Die Ausstellung rund um den Edmontosaurus, liebevoll Edmond genannt, und seine letzte Ruhestätte war von Anfang an dazu bestimmt, im begrenzten Rahmen auch Museumsgäste graben zu lassen. Einmal selbst die Hände in die Vorgeschichte der Menschheit zu stecken. In die Zeit, als noch der Einschlag eines Himmelskörpers ganze Tierarten (die Dinos) ausrottete und nicht die Tierart (der Mensch) sich selbst. Aber dann kam diesen Plänen ein Coronavirus in die Quere und erschwerte das Ganze. Immer mal wieder kann Senckenberg den Plan im ganz kleinen Rahmen umsetzen und Einzelne vorsichtig mittun lassen. Für die Leser:innen-Gruppe wird das voraussichtlich nicht möglich sein. Die Lage ist unsicher, die Menschheit kennt das inzwischen. Aber schon die Begegnung mit diesem Ort ist ein einzigartiges Erlebnis. Die Leute befragen zu können, die dort ganz vorsichtig nach den Geheimnissen graben, die seit 70 Millionen Jahren genau in diesem Stück Erdgeschichte geduldig warten.
Ausgrabung in Frankfurt: Was geschieht mit der Grabungsstätte?
Was geschieht eigentlich mit der Grabungsstätte, wenn alles ausgegraben ist?

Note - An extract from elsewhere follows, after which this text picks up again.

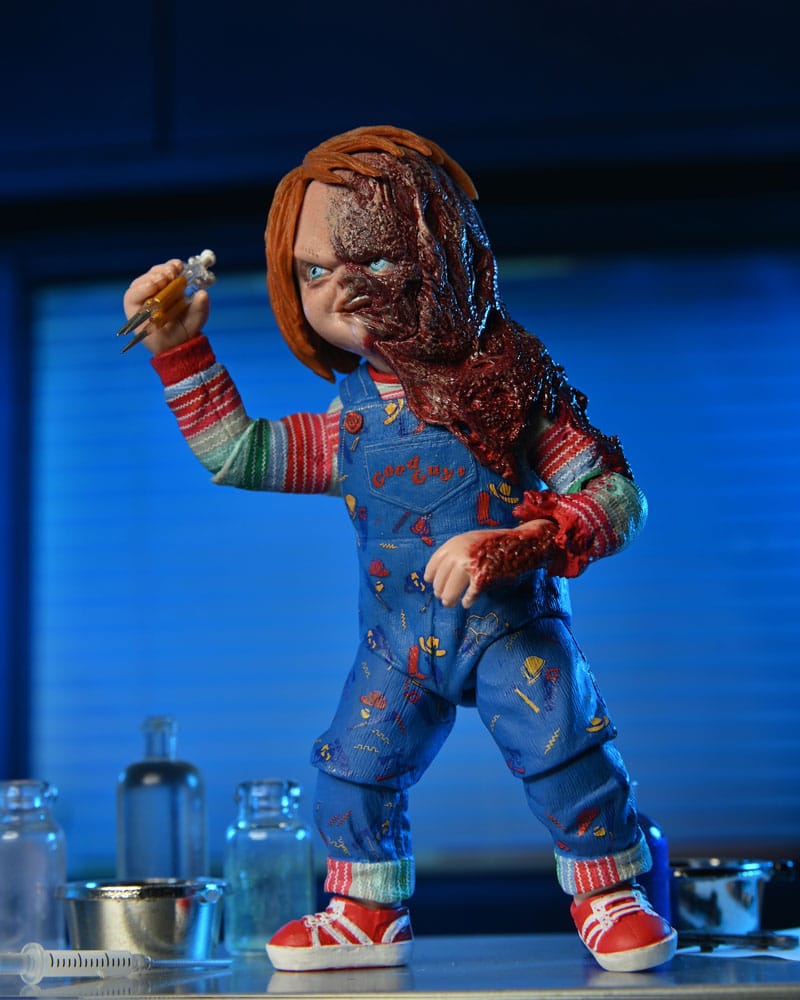 CHUCKY SERIE TV – FIGURA ULTIMATE NECA 18 CM – MUÑECO DIABÓLICO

Dann geben die Fachleute ihre Beute teilweise weiter an die Universitäten in Frankfurt und Mainz, auch an die spezialisierten Abteilungen der Senckenberg-Gesellschaft für weitere Forschungszwecke. „Je mehr Zähne des Edmontosaurus wir haben, desto eher kann mal einer zerlegt oder zermahlen werden, um tiefer zu forschen“, sagt Havlik.
Einen kleinen Teil der Grube aus Wyoming könnte das Museum als Platte in seine Dauerausstellung integrieren. Am Ende wird, was übrig bleibt, durch ein 0,3-Millimeter-Sieb gejagt. Die Deutschen wollen es eben wieder mal ganz genau wissen. Auch wenn es beileibe nicht nur Deutsche sind, die an diesem ganz besonderen Projekt mitarbeiten.